Addiitonally, I think a lot of writers just find the reality of their relationship somewhat uninspiring. Really, what do we have here? An eccentric old bachelor who can't stand his rightful heirs develops a fondness for a younger relation, obviously sees some sort of promise in the boy that might not be fulfilled in his present situation, and so takes him under his wing. It's good for both of them---Bilbo gains an heir, Frodo gains an inheritance. The two of them then live together agreeably. There's just not a lot there to work with. So writers have to spice things up---Frodo becomes an abused orphan or a rebellious teen, Bilbo turns into some sort of Hobbitton playah, deftly wrangling his relatives and Shire business. Or they simplify the relationship, by basing it on a simple (and very modern) father/son one in which Frodo apparently requires a great deal of cuddling (not that there's anything wrong with Frodo-cuddling!) and Bilbo is always there to dole out warm paternal advice. And cuddles.

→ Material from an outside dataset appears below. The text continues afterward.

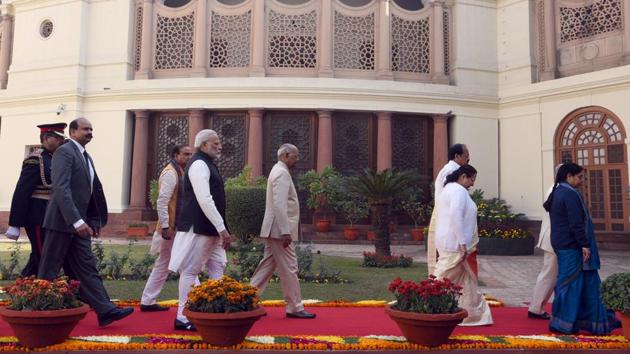 Lok Sabha Speaker Sumitra Mahajan, President Ram Nath Kovind and Prime Minister Narendra Modi, Vice-President Venkaiah Naidu, Union Parliamentary affairs Minister Ananth Kumar, and other officials arrive ahead of the Budget Session 2018 in New Delhi. The President today addressed a joint sitting of the Lok Sabha and Rajya Sabha and marked the beginning of the Budget Session. (Sonu Mehta / HT Photo) Lok Sabha Speaker Sumitra Mahajan, President Ram Nath Kovind and Prime Minister Narendra Modi, Vice-President Venkaiah Naidu, Union Parliamentary affairs Minister Ananth Kumar, and other officials arrive ahead of the Budget Session 2018 in New Delhi. The President today addressed a joint sitting of the Lok Sabha and Rajya Sabha and marked the beginning of the Budget Session. (Sonu Mehta / HT Photo)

Elements of their relationship are barely hinted at in the book. One of my favorite moments is in Rivendell, when Frodo attempts to thank Bilbo for all of his "many kindnesses." Poor Bilbo, obviously flustered by this uncommon display of emotion looks out the window and starts humming! It's apparent from this scene that, although they cared for each other deeply and Frodo definitely feels gratitude to Bilbo, demonstrative affection was not part of their relationship, and that their usual interaction was probably somewhat formal. Again, it's not only difficult for us to understand, but it also isn't exactly a source of juicy material.
The exquisite "cart" scene at the end of RoTK is, to me, the perfect blending of canon and fanon Bilbo-Frodo. There is a sort of formality there in the way they speak to each other, but at the same time, there is that lovely tenderness that so many writers enjoy exploring. It takes my breath away every time.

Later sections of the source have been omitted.